This mirror image is what the Wall Street Journal had failed to recognize—and what almost no one except those following the Modern Money approach as well as the Levy Economic Institute’s researchers who used Wynne Godley’s sectoral balance approach understand. After the financial collapse, the domestic private sector moved sharply to a large surplus (which is what it normally does in recession), the current account deficit fell (as consumers bought fewer imports), and the budget deficit grew mostly because tax revenue collapsed as domestic sales and employment fell.

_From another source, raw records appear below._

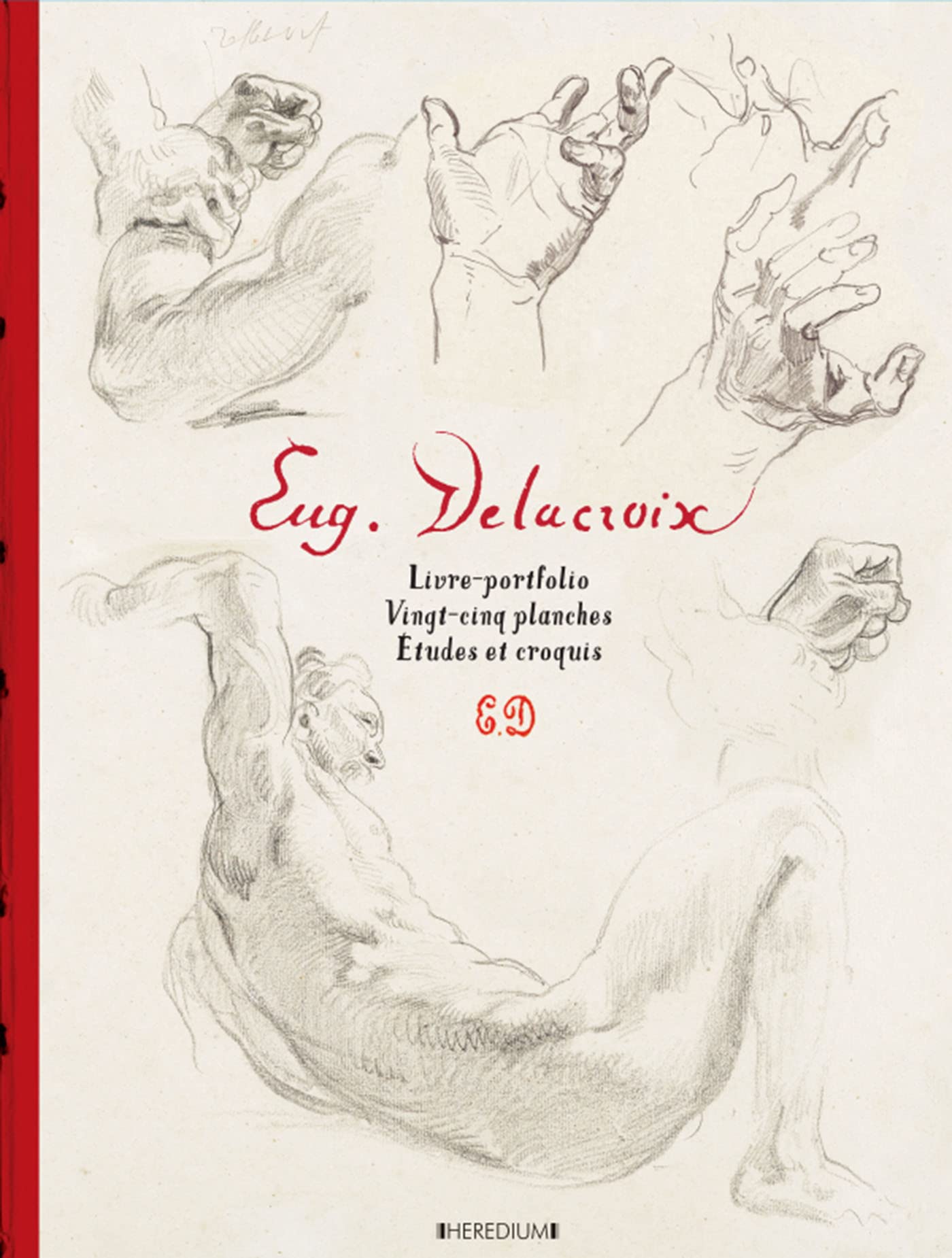 Livre portfolio delacroix book
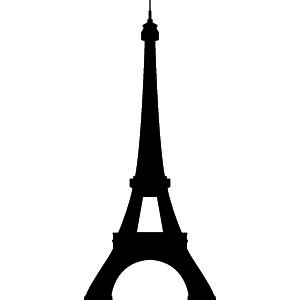 Passion Stickers - Monuments Decals - Eiffel Tower form Paris France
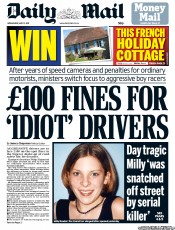 Daily Mail (UK) Newspaper Front Page for 11 May 2011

Unfortunately, just as policymakers learned the wrong lessons from the Clinton administration budget surpluses—thinking that the federal budget surpluses were great while they actually were just the flip side to the private sector’s deficit spending—they are now learning the wrong lessons from the global crash after 2007. They’ve managed to convince themselves that it is all caused by government sector profligacy. This, in turn has led to calls for spending cuts (and, more rarely, tax increases) to reduce budget deficits in many countries around the world (notably, in the US and UK).

The reality is different: Wall Street’s excesses led to too much private sector debt that crashed the economy and reduced government tax revenues. This caused a tremendous increase of federal government deficits. {As a sovereign currency-issuer, the federal government faces no solvency constraints (readers will have to take that claim at face value for now—it is the topic for upcoming MMP blogs).} However, the downturn hurt state and local government revenue. Hence, they responded by cutting spending, laying-off workers, and searching for revenue.

The fiscal storm that killed state budgets is the same fiscal storm that created the federal budget deficits shown in the chart above. An economy cannot lose about 8% of GDP (due to spending cuts by households, firms and local and state governments) and over 8 million jobs without negatively impacting government budgets. Tax revenue has collapsed at an historic pace. Federal, state, and local government deficits will not fall until robust recovery returns—ending the perfect fiscal storm.